Mumbai: India’s capital market regulator on Tuesday relaxed rules to help companies raise capital and to comply with public shareholding norms, offering them a degree of relief against sliding markets and an economic downturn that have made tapping investors difficult. Listed firms have been allowed to auction shares on the stock exchanges more frequently while investors in such offerings will no longer be required to pay the entire bidding amount upfront.
Promoters of listed firms will be allowed to sell stakes through the so-called offer for sale (OFS) and institutional placement programme (IPP) methods even within the cooling-off period of 12 weeks they were required to observe from their previous share sale through other routes, the Securities and Exchange Board of India (Sebi) said after a board meeting.
The OFS route can be used either to comply with the public shareholding norms or, in the case of the top 100 listed firms by market capitalization, to simply raise capital. The IPP method can be used by promoters of any listed company to dilute up to 10% of their holding only for the purpose of complying with the minimum public shareholding norms. Only qualified institutional buyers can subscribe to an IPP.
In February, the markets regulator introduced the two new share-sale avenues to help listed companies in the private sector comply with the minimum public shareholding norm of 25% before June 2013, and state-owned firms meet the requirement of 10% public holding before August 2013.

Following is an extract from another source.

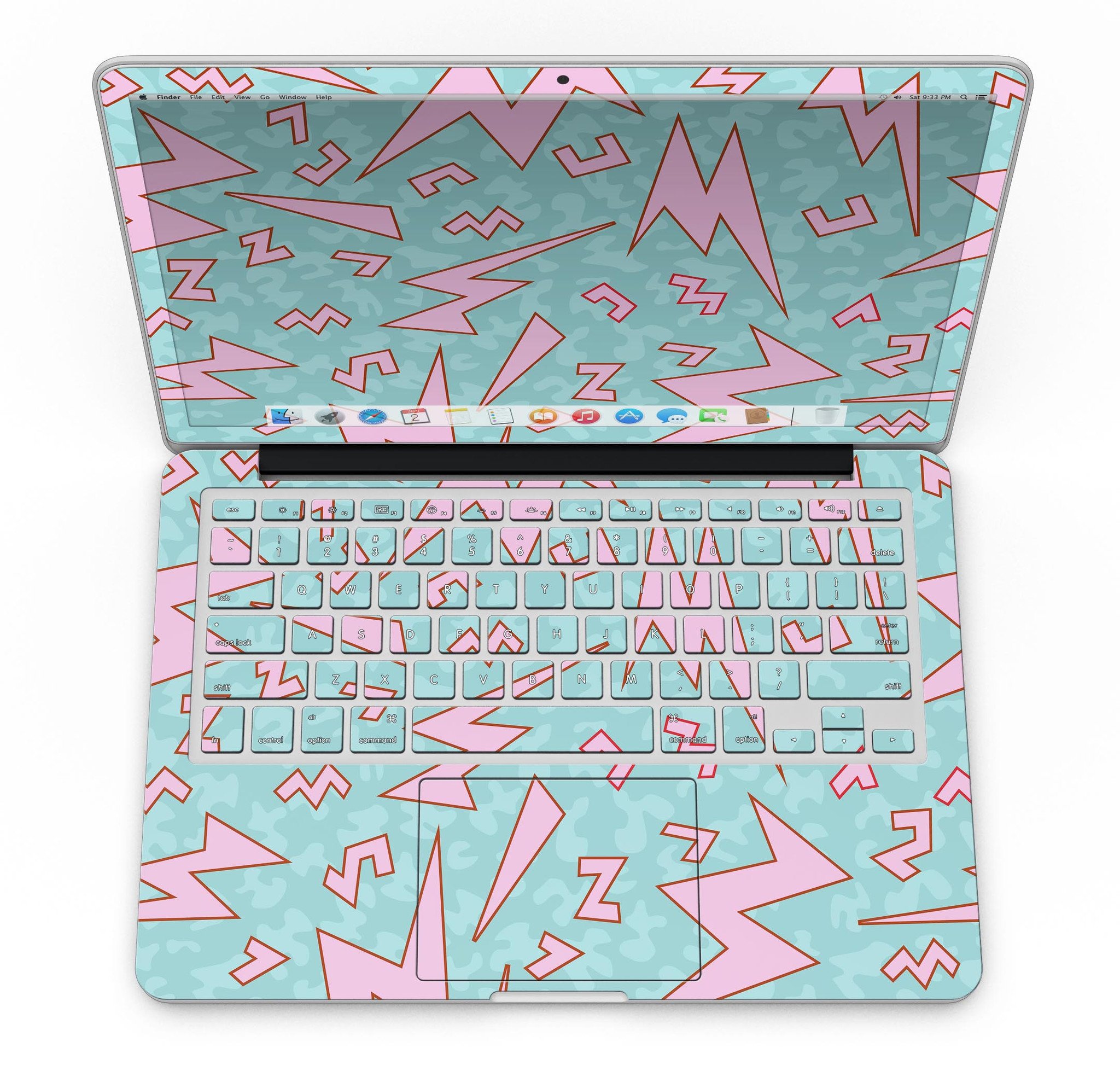 90s Zig Zag skin kit for MacBook Pro with Retina Display, showcasing vibrant colors and unique design.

India has around 180 private sector listed companies with a public holding of less than 25% and at least 16 state-owned ones with a public ownership of less than 10%.
A follow-on public offer had previously been the only route available to promoters to raise capital and meet the norms, but a declining stock market closed that route. The benchmark Sensex index of the BSE has dropped 7% in the past one year, forcing many companies to put off plans to tap public investors, as economic growth slowed.
Some stringent conditions have limited the market for fund-raising through the OFS and IPP routes. Only state-owned Oil and Natural Gas Corp. Ltd and Wipro Ltd have used the OFS route since it was opened by Sebi; Godrej Properties Ltd adopted the IPP route to dilute its promoter holding.
Two of the main obstacles in the new share sale routes was the time gap of 12 weeks between two issues and the 100% upfront margin requirement for investors bidding in such offering. On 2 May, Mint reported that Sebi was revisiting these share sale norms.
Under the new norms, institutional investors will have the option of applying with an 100% upfront margin in cash or with a lower, “ad hoc” margin to be decided by the exchanges, Sebi said. An investor paying less than 100% upfront cannot modify the bid amount.
Sebi has been in discussion with bankers to review the share sale norms to help companies raise capital and meet public holding norms without worrying about the market conditions.
“Most of the issues have been addressed. If the public shareholding norms are to be met, the primary market will see papers worth Rs20,000-30,000 crore. So this was essential, especially in such a market condition,” said Gesu Kaushal, executive director, Kotak Investment Banking.
Disclosure rules in the pricing of IPP or OFS shares were also changed by Sebi. Companies can now indicate prices of shares in an OFS during the last one hour of the bidding session, irrespective of the book built. Earlier, this was not allowed.
In the `12,000 crore OFS issue by ONGC earlier this year, bankers blamed Sebi rules for the lukewarm response it received. Several institutional investors also complained that they were not sure of picking up the ONGC shares as they could not gauge market appetite in the absence of an indicative price. State-owned Life Insurance Corp. of India (LIC) bought nearly all the shares on offer in what was then seen as a bailout at the behest of the government, although both LIC and the government said it was purely a commercial decision.
“If the seller intends to disclose the floor price, the price will be disclosed after the close of business hours on (T-1) day (i.e. a day prior to the OFS issue),” Sebi said. Investors cannot modify their bids during the last one hour from the close of a bidding session instead of the last 30 minutes as required under the previous rules.
Additionally, to improve the quality of financial reporting by listed firms, the regulator will create a qualified audit report review committee represented by the Institute of Chartered Accounts of India (Icai) and the stock exchanges. “… it has been decided to put in place a mechanism to process qualified annual audit reports filed by the listed entities with stock exchanges and annual audit reports where accounting irregularities have been pointed out by Financial Reporting Review Board of Icai.”
In an effort to improve corporate governance and protect the interests of minority investors, Sebi has made electronic voting mandatory for listed firms who use postal ballots by shareholders for voting on issues. This will be implemented in a phased manner and initially only the top 500 listed firms at stock exchanges will be required to comply.
The regulator also attempted to put the rules for initial public offerings (IPO) by infrastructure companies on par with those for other sectors. Infrastructure firms, so far, had easier IPO rules in terms of subscription and allotment. On Tuesday, Sebi said that even infrastructure firms will be required to get at least 90% of the offered shares to be subscribed to raise money through an IPO.